Predictions are made by summing the contributions from each model in the sequence.


### 3.Gradient Tape

Gradient Tape is a mechanism provided by TensorFlow to support automatic differentiation. It is implemented as a context manager using `tf.GradientTape()`. When computations are performed inside this context, TensorFlow records all operations involving tensors. This recording allows TensorFlow to later compute gradients with respect to selected variables.

The main idea behind Gradient Tape is simple: if TensorFlow knows how a value was computed, it can determine how that value changes when its inputs change. Gradient Tape keeps track of these dependencies by building a computational graph dynamically during execution.

Only tensors that are being watched by the tape are considered for gradient computation. By default, trainable variables are automatically watched, but other tensors can also be explicitly monitored. Once the forward computation is complete, gradients can be calculated by asking the tape to compute derivatives of an output with respect to the desired input variables.

Gradient Tape is especially useful because it allows developers to write normal Python code while still enabling backpropagation. This makes model development flexible and intuitive, particularly when experimenting with custom loss functions or training loops.

 

### 4.Gradient Descent

Gradient Descent is an optimization algorithm used to minimize a function, most commonly a loss function in machine learning. The goal of training a model is to find parameter values that produce the smallest possible loss, and gradient descent provides a systematic way to achieve this.

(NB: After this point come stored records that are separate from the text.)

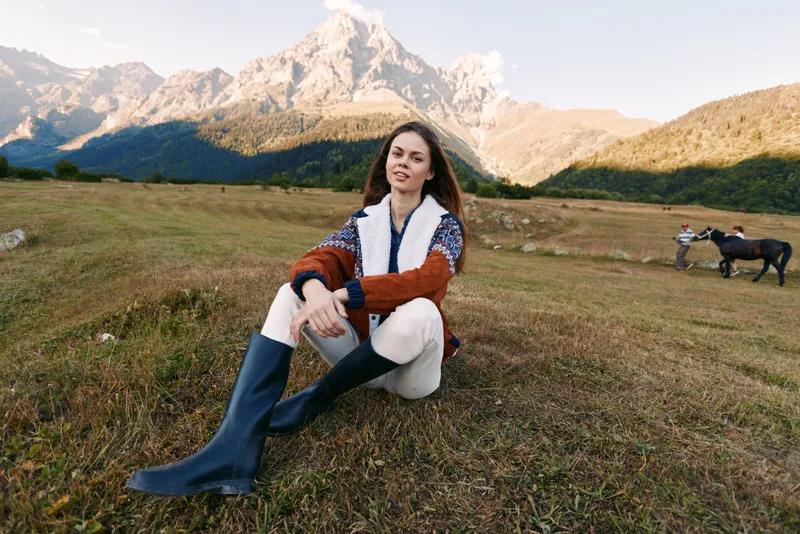 Woman sits in mountain meadow wearing sweater and boots, enjoying countryside nature with horses grazing in background, autumn light and relaxed outdoor lifestyle portrait.
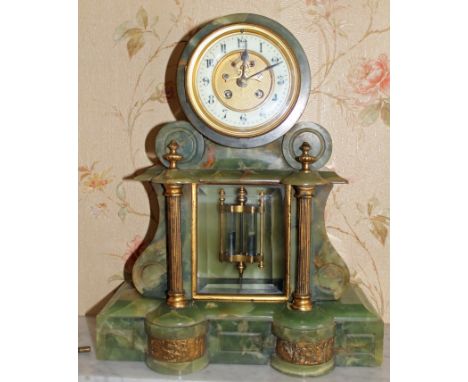  Early twentieth century French green onyx mantel clock of architectural form with exposed escapement and mercury pendulum, 3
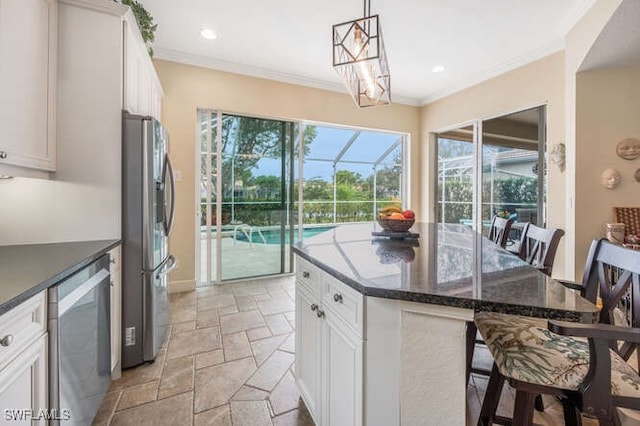 kitchen featuring appliances with stainless steel finishes, decorative light fixtures, white cabinetry, a breakfast bar, and a kitchen island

The key idea is based on the gradient, which represents the direction of the steepest increase of a function. To reduce the loss, parameters are updated in the opposite direction of the gradient. Each update moves the parameters slightly closer to the minimum of the loss function.

This process is iterative. Starting from an initial set of parameters, gradients are computed, parameters are updated, and the loss is recalculated. Over many iterations, these small updates gradually improve the model’s performance.

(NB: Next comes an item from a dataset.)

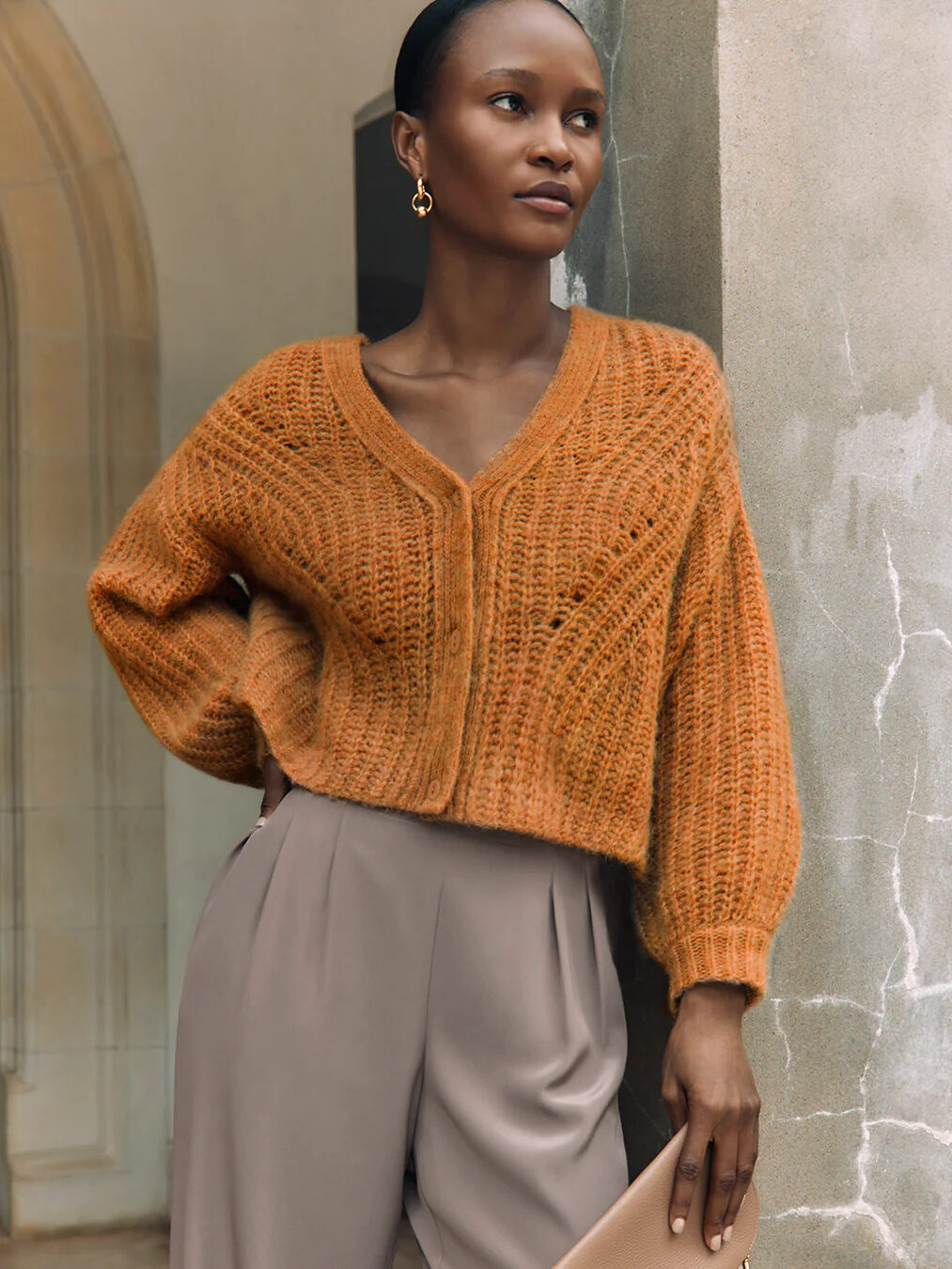 A model wearing a burnt orange crop cardigan by Cuyana.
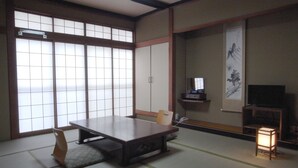 A traditional Japanese room with tatami flooring, a low table, a chair, a TV, and a sliding door. - Ryokan Yamamuro (Kanazawa)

Gradient descent relies heavily on automatic differentiation. Without accurate gradients, the optimization process would not know how to adjust parameters. Together, automatic differentiation and gradient descent form the foundation of training neural networks.

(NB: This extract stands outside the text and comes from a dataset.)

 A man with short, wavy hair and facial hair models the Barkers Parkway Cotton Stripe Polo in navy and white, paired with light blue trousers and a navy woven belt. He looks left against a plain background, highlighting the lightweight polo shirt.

Different variations of gradient descent exist, such as batch gradient descent, stochastic gradient descent, and mini-batch gradient descent, but they all follow the same core principle of learning by moving in the direction that reduces error.


## Task for the Reader  
Using a deep learning framework of your choice (TensorFlow or PyTorch), perform the following tasks to understand tensors and their basic operations.

a) Create a scalar tensor, a 1-D tensor, and a 2-D tensor. Print each tensor along with its shape and rank.

b) Perform element-wise addition and element-wise multiplication on two tensors of the same shape.

c) Multiply a tensor by a scalar value and observe how the values change.

d) Access a specific element from a tensor using indexing and extract a sub-part of a tensor using slicing.

e) Reshape a tensor into a different shape and explain how reshaping affects the tensor without changing the total number of elements.